To do
Looking at the records below, please work out how many lines contain the word "Vintage" and give the number alone.

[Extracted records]
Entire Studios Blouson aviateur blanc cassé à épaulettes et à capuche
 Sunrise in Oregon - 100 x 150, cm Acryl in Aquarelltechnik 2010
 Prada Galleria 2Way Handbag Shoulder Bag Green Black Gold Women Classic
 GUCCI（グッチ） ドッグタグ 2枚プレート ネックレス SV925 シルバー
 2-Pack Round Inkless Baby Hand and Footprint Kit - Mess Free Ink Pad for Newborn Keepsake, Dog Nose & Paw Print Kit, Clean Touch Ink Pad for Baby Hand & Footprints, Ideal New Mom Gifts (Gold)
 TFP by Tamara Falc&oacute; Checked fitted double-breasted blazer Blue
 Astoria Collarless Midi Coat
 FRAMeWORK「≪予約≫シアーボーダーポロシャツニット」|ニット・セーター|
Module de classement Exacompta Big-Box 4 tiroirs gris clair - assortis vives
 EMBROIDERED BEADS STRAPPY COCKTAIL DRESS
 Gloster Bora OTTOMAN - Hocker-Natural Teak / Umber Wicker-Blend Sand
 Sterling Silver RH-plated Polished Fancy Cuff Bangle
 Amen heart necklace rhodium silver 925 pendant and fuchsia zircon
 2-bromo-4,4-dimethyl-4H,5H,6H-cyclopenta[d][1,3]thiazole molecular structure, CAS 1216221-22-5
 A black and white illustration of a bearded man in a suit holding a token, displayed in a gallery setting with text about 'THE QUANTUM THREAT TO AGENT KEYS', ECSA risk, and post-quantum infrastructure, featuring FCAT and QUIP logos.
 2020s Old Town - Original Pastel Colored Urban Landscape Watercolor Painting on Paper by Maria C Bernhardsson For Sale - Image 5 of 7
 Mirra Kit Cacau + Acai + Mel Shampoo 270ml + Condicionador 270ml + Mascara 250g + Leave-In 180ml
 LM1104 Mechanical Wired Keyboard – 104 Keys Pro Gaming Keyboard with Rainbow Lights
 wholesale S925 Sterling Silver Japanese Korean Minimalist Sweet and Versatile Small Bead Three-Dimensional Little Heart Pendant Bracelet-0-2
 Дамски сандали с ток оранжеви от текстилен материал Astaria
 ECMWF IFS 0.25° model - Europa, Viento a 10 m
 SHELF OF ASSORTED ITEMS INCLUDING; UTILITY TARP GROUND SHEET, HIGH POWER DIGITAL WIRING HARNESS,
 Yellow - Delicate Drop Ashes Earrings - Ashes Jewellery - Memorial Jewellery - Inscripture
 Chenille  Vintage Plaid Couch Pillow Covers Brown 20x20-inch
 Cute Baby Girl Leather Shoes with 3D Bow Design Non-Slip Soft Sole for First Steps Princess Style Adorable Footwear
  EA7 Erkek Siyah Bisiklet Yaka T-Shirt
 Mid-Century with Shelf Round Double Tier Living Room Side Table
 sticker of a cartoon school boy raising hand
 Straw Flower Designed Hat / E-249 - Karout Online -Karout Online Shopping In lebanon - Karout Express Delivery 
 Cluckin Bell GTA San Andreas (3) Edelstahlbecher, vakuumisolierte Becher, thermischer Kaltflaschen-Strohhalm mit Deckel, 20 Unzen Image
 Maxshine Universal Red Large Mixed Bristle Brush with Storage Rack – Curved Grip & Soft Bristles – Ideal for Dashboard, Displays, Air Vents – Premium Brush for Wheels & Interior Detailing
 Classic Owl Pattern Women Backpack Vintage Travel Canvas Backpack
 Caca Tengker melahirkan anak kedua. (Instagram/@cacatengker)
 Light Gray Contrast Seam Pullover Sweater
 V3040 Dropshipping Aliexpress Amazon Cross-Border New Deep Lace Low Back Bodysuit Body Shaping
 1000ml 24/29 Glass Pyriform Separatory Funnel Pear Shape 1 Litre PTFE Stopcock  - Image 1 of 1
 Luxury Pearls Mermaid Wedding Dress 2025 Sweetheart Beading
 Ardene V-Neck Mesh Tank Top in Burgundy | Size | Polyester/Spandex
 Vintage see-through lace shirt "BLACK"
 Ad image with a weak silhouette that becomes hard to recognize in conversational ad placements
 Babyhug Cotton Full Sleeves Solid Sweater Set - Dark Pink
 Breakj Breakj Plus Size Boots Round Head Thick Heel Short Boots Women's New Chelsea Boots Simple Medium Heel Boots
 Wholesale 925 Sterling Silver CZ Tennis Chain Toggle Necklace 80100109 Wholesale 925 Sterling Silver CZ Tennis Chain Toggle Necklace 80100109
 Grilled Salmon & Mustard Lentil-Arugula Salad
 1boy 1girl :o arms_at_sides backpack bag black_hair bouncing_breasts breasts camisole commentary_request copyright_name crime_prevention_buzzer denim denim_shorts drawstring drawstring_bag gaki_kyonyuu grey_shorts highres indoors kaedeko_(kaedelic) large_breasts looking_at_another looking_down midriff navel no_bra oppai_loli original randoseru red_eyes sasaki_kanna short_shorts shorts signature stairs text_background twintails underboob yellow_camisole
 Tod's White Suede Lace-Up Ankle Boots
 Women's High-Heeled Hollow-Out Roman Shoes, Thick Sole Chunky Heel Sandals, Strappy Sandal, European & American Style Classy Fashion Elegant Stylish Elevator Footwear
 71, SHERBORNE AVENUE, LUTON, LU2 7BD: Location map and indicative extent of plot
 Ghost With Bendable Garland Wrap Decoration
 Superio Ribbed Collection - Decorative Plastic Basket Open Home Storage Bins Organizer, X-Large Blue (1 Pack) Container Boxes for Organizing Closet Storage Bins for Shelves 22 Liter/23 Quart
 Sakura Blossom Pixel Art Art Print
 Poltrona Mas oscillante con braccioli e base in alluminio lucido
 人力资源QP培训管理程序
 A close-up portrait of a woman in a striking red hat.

Result of this task
3